Berny Sèbe, Cristina Pividori

Regent Street campus

Berny Sèbe on ‘Celebrating’ British and French Imperialism: The Making of Colonial Heroes Acting in Africa (1870-1939).’

This paper analysed the ways in which British and French explorers, missionaries, officers or administrators involved in the European takeover of Africa were promoted, manufactured and ‘packaged’ for home consumption in the context of the wave of ‘New Imperialism’. The socio-cultural, political, technical and commercial processes that led to the emergence of imperial heroes provide a valuable insight into the mechanisms that favoured the emergence of popular expressions of imperialism.

Berny Sèbe is a Lecturer in Colonial and Postcolonial Studies at the University of Birmingham, with research interests in the cultural history of the French and British empires, the decolonization of the Sahara and the legacy of European imperialisms in a comparative perspective. He has published several articles and book chapters, is currently revising his thesis for publication and is co-editing a volume entitled ‘Echoes of Empire’.

Cristina Pividori on 'War Heroes and Pacifists on the Same Front: Re-reading Heroism in Two Imperial War Memoirs’.

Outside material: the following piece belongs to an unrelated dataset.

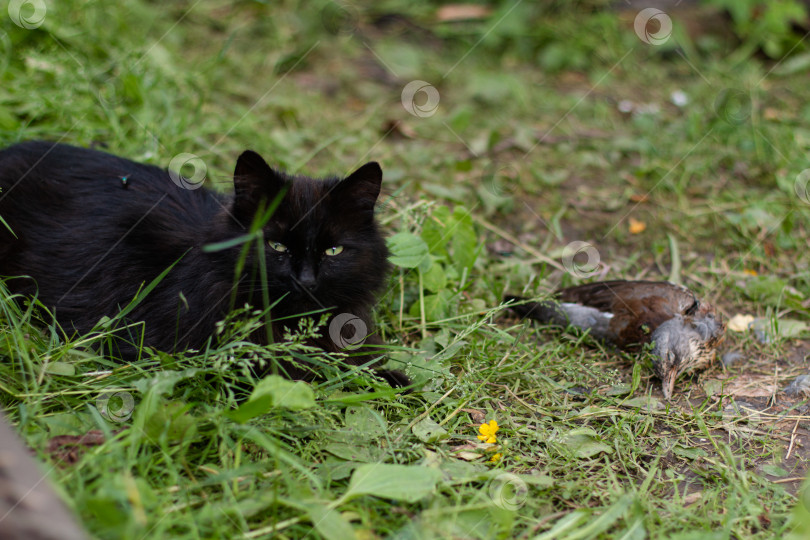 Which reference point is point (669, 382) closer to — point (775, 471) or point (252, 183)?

This paper explored the notion of heroism in Victorian war literature by analyzing the figure of the soldier-hero in two imperial war memoirs: Captain Mowbray Thomson’s The Story of Cawnpore:

The Indian Mutiny and John Pearman’s The Radical Soldier’s Tale. While The Story of Cawnpore is an emblematic example of what I call the Victorian hero myth, that is, the effective merging of traditional heroism, war as adventure and imperialism in mid-to late-nineteenth century Britain – The Radical Soldier’s Tale appears to posit an alternative to this widely accepted view, challenging its assumed universality and immutability. By analyzing Pearman’s innovative revision of heroism, in contrast to Thomson’s more conventional representation of the theme, I attempted to illustrate both the traditional construction and a possible re-reading of the subject taking place in the same period. Particular attention was given to the fact that Pearman’s shift towards a more complex appreciation of the heroic subject appears to anticipate similar patterns occurring in the literature written during and after World War One.

Cristina Pividori works at the Universitat Autònoma de Barcelona.